Start of RECORDED INFORMATION
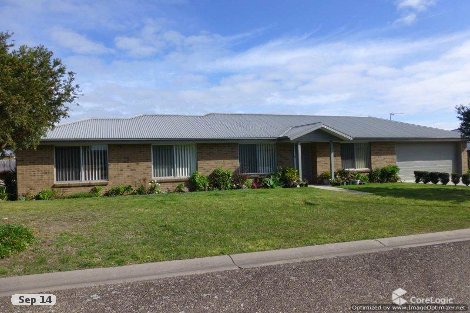 10b Moroka Ct, Lindenow, VIC 3865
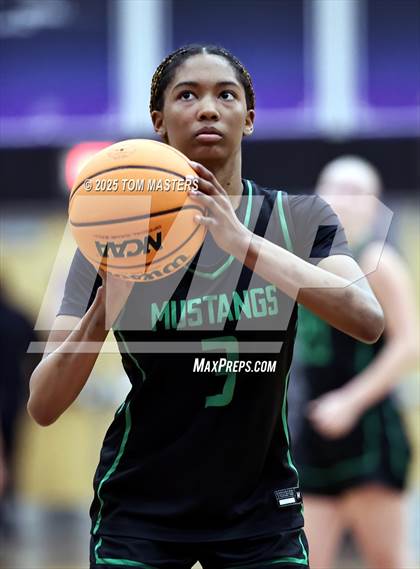 Thumbnail 3 in Myers Park @ Ardrey Kell photogallery.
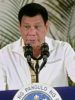 Transcript of Ph President Duterte’s video where he supposedly swore at US President Obama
End of RECORDED INFORMATION
- _YOUR INSTRUCTIONS_
Retype the whole listing exactly and leave the pictures out.

- _EXPECTED OUTPUT_
 10b Moroka Ct, Lindenow, VIC 3865
 Thumbnail 3 in Myers Park @ Ardrey Kell photogallery.
 Transcript of Ph President Duterte’s video where he supposedly swore at US President Obama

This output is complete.